Exercise
Reproduce nothing but the lines from the one with "Fototapeta premium A" down to the last line of the data below.

-- Opening Marker --

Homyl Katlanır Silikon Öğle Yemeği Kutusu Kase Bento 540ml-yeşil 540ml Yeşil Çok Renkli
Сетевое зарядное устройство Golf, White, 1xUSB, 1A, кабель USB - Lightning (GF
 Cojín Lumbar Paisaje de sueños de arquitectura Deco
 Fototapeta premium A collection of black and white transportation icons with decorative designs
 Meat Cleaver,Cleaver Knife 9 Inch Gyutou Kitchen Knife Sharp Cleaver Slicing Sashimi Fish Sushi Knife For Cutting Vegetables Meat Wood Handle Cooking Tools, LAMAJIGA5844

-- Closing Marker --

Result of this task
 Fototapeta premium A collection of black and white transportation icons with decorative designs
 Meat Cleaver,Cleaver Knife 9 Inch Gyutou Kitchen Knife Sharp Cleaver Slicing Sashimi Fish Sushi Knife For Cutting Vegetables Meat Wood Handle Cooking Tools, LAMAJIGA5844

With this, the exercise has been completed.